Horses of all sizes help people of all agesBy NANCY BEAN FOSTER
Union Leader Correspondent
May 16. 2012 10:28PM
HOPKINTON -- From war veterans trying to find peace in their daily lives, to autistic children hungering for a connection with others, the horses at the Back in the Saddle Equine Therapy Center (BITS) help make those goals a reality.
'Horses are very therapeutical,' said owner Pauline Meridien. 'They can calm a troubled soul.'
Meridien, 59, has been around horses for as long as she can remember and her 26-acre farm in Hopkinton has been a wonderful place for horses to call home. But 10 years ago, Meridien's daughter Sarah was studying various forms of therapy at the University of New Hampshire and during training in hippotherapy - the use of horses for therapeutic purposes - Sarah called her and said she should be involved in the practice.
Meridien couldn't say no, and the idea for Back in the Saddle, which is the song Meridien and her daughter liked to sing while out riding, was born. Using the horses Sarah grew up on, they brought in a master-level hippotherapist named Lorna Young to lead the program.
'She knew how to do the teaching and I had the horses, so it worked out perfectly,' said Meridien.
The program started with four kids and two horses and has grown exponentially over the years to include eight horses, and now has miniatures named Cover Girl and Ginger, and dozens of kids and adults who benefit from working with the animals.

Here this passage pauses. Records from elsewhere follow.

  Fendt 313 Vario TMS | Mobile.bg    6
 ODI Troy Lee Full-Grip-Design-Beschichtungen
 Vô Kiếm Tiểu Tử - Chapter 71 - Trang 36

People struggling with a wide variety of issues find comfort and skills through their connections with horses, Meridien said. Riding horses strengthens core muscles, improves balance, and in stroke patients or those with traumatic brain injuries, riding can help rebuild pathways in the brain that can lead to increased control over muscle groups. For children with disabilities, riding can reinforce concepts like telling left from right.

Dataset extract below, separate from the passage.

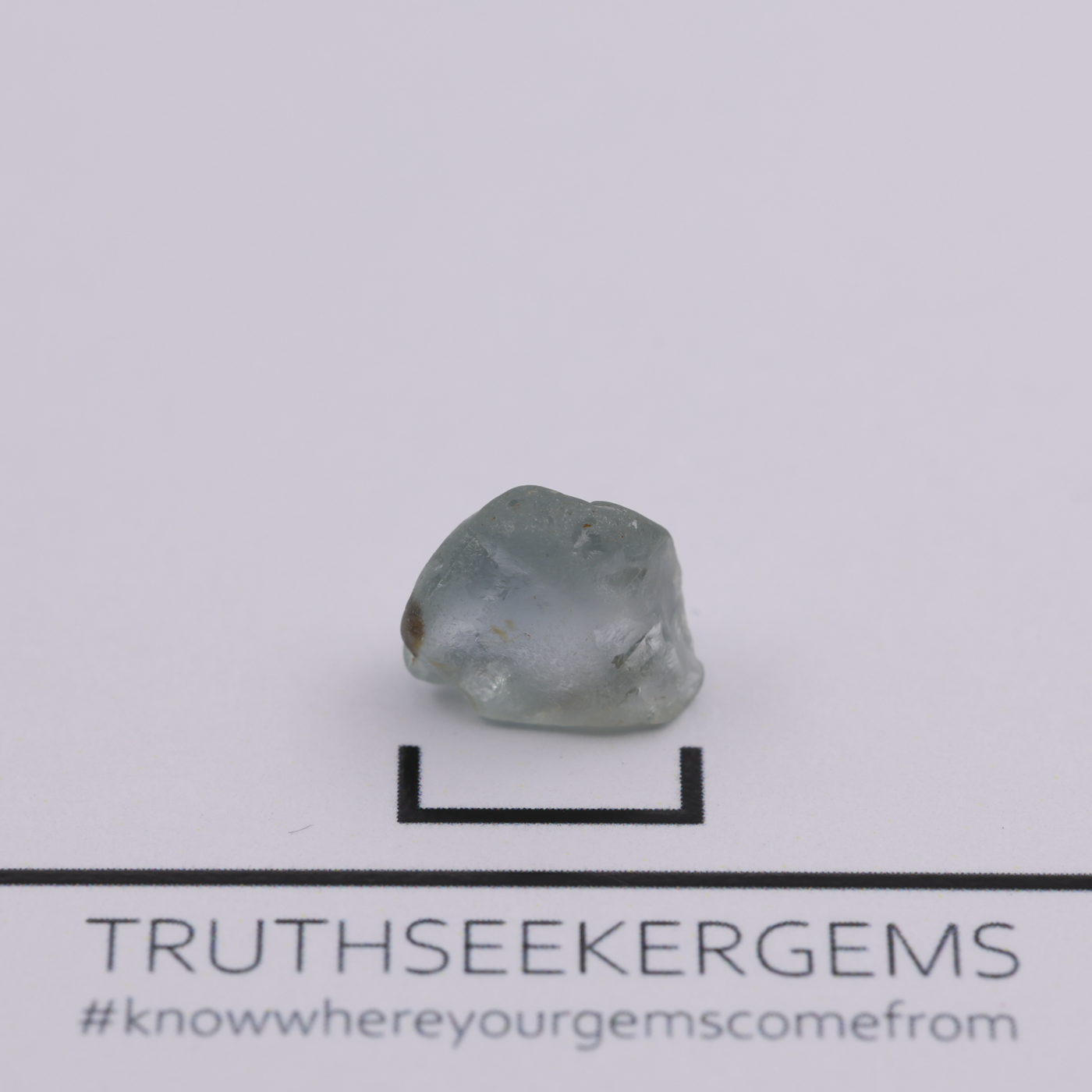Sapphire 4.04 ct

For kids who have difficulty connecting with other people, including students from a local alternative high school who struggle with various emotional issues, working with the horses can help kids learn to care for others without the fear of judgment or criticism, Meridien said.
'You can tell them all your troubles,' she said, 'and they don't tell anybody on you.'
For soldiers returning from overseas, or veterans struggling with the war in their pasts, horses can provide an important mirror.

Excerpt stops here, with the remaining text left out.